Никогда она не жаловалась Олексе ни на какие свой болезни и заботы. Но зато каждый день спрашивала, как он, Олекса, работал, с кем встречался. Больше всего мать интересовалась его дружбой с Терезией. Тут ее любопытство не знало границ. Все ей надо было знать: не разбаловалась ли она, став знаменитой виноградаршей, добрая, или злая от природы, почитает ли свою мать, что умеет делать, кроме выращивания винограда, любит ли наряжаться, бережливая или мотовка. Олекса, посмеиваясь, утешал мать: «Хорошая она, мама, не беспокойся». Но разве есть на свете слова, которые могли бы примирить мать с тем, что ее сын уже не всецело принадлежит ей, что его сердцем овладел кто-то другой…
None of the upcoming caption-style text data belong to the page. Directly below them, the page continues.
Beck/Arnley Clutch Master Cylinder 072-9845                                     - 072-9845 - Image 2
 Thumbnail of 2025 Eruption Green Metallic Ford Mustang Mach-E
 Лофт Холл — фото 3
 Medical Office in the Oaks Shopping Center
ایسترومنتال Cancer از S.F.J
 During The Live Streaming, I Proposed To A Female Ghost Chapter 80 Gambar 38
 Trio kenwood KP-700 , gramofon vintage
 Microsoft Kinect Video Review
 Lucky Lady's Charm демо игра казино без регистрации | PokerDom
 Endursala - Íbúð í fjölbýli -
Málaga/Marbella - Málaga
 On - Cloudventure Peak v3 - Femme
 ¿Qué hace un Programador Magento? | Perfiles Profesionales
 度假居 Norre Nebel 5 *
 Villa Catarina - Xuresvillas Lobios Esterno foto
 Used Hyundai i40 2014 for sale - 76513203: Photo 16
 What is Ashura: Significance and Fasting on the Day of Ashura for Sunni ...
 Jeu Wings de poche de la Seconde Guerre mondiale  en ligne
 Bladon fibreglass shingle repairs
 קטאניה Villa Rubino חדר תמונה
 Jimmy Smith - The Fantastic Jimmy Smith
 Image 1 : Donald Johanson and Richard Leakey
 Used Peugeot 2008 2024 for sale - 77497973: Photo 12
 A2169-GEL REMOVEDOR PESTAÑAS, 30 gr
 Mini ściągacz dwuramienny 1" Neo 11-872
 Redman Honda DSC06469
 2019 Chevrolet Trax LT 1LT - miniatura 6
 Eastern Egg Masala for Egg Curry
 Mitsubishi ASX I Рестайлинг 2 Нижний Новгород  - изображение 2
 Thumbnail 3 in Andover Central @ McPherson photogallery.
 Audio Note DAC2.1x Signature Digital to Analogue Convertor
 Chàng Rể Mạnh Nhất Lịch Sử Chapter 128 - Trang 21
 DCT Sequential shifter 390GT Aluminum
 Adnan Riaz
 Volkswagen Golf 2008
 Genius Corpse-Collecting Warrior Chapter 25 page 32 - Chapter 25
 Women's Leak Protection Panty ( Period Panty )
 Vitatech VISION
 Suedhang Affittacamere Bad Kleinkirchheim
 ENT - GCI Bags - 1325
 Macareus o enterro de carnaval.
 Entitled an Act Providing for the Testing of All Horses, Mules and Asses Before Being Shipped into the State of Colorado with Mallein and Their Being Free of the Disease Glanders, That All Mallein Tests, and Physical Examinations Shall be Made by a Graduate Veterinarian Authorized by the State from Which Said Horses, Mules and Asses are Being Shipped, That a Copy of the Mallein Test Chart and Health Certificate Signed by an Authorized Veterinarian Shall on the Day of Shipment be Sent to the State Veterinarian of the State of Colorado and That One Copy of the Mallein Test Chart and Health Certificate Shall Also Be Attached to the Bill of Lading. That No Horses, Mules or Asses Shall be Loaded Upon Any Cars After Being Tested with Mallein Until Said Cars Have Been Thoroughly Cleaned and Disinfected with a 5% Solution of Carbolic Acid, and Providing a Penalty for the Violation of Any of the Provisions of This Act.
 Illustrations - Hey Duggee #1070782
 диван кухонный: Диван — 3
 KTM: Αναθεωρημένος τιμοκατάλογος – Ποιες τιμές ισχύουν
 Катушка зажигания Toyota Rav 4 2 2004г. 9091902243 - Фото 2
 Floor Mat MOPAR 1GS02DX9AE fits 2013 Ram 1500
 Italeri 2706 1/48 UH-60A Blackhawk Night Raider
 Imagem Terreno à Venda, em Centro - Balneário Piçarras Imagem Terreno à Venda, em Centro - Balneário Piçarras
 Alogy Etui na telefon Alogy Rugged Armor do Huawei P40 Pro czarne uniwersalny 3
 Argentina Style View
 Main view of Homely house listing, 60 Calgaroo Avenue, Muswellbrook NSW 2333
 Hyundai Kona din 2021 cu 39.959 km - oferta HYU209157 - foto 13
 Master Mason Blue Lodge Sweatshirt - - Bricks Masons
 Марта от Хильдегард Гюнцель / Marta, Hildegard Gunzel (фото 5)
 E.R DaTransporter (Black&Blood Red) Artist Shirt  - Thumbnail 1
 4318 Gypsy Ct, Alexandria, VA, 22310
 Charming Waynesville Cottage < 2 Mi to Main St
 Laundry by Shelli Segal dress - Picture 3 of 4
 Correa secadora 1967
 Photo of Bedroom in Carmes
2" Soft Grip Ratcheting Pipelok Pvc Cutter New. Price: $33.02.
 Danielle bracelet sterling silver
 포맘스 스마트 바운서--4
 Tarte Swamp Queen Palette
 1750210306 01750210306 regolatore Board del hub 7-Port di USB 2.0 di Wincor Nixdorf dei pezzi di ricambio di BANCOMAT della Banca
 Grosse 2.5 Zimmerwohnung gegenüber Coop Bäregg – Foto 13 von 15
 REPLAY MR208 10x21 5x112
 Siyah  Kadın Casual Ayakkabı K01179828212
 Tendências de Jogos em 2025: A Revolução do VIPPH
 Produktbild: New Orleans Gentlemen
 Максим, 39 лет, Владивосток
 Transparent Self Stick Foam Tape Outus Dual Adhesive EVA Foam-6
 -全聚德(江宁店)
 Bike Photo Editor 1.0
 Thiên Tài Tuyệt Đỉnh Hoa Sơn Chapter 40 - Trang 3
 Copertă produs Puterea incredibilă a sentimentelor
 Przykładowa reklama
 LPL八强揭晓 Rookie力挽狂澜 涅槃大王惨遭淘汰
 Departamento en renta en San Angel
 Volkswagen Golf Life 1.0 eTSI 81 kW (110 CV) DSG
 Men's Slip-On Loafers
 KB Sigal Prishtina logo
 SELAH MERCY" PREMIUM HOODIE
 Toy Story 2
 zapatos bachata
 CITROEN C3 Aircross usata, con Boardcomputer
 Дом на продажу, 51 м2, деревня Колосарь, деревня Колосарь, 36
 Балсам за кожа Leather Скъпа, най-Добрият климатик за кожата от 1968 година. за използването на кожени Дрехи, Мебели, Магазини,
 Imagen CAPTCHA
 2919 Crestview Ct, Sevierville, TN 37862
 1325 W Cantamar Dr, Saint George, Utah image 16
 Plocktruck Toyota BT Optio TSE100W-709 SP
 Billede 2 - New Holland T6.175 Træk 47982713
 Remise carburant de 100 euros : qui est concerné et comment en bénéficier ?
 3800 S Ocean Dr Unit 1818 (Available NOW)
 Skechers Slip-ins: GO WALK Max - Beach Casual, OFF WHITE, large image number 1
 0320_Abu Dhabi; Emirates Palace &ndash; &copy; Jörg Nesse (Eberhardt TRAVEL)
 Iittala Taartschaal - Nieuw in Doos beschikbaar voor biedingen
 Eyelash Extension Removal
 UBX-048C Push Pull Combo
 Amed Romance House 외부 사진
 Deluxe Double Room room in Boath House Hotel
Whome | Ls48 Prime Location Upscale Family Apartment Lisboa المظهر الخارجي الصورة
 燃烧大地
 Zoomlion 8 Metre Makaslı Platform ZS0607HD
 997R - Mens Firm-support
Мать молча поставила перед Олексой ужин. Пока он ел, Анна Степановна сидела у плиты, сердито постукивая спицами и не поднимая глаз. Он поужинал, закурил и, подойдя к матери, прижался щекой к ее щеке.
– Эх, Олекса, Олекса… – Анна Степановна положила на стол аккуратный, в темнокрасном переплете томик «Молодая гвардия». – Вот, твоя Ганна-Терезия просила передать.
– Ганна? – Олекса схватил книгу, раскрыл ее, ожидая увидеть письмо или, на крайний случай, какую-нибудь надпись на заглавной странице. Ни письма, ни надписи не было. Встряхнул книгу, перелистал страницы – ничего. Он перевел взгляд на мать, хотел спросить у нее, когда была Терезия, что она говорила, в каком была настроении. В глазах матери он увидел осуждение его радости.
Под окном послышались шаги, и кто-то забарабанил пальцами в стекло:
– Эй!.. Товарищ Сокач!
– Кто там? – Олекса открыл окно.
В палисаднике, держась за шершавый ствол цветущего абрикосового дерева, стоял знакомый парнишка из депо, рассыльный Грицай. Олекса ясно видел облупленный нос Грицая, его крупные губы, рыжую голову, парусиновые туфли на босых ногах и все-таки не поверил глазам. О, появление Грицая в столь позднее время означало так много, что поверить сразу было нелегко.
Олекса молча смотрел на позднего гостя.
– Что так смотришь? Не узнаешь?
И какой же у Грицая славный голос, как много он обещает! И какой он вообще весь замечательный, этот неприкаянный, без отца и матери, парнишка!
– Ты чего пришел? Что тебе надо? – спросил Сокач.
– Твою машину срочно, сверх всякого графика, заправили. В двадцать три ноль-ноль. Покурим, а?
Сокач достал пачку сигарет «Верховина», бросил ее на подоконник.
Грицай аккуратно размял сигарету, зажег спичку, закурил. Олекса терпеливо ждал.
– Заправили, говорю, твою машину, – повторил рассыльный. – Так что готовиться надо в поездку.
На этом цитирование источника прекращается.